- [Information supplied]:
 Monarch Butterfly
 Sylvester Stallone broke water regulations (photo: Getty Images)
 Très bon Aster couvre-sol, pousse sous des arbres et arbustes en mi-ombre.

- [Task directions]:
Print out an identical copy of the whole listing.

- [Answer for the task]:
 Monarch Butterfly
 Sylvester Stallone broke water regulations (photo: Getty Images)
 Très bon Aster couvre-sol, pousse sous des arbres et arbustes en mi-ombre.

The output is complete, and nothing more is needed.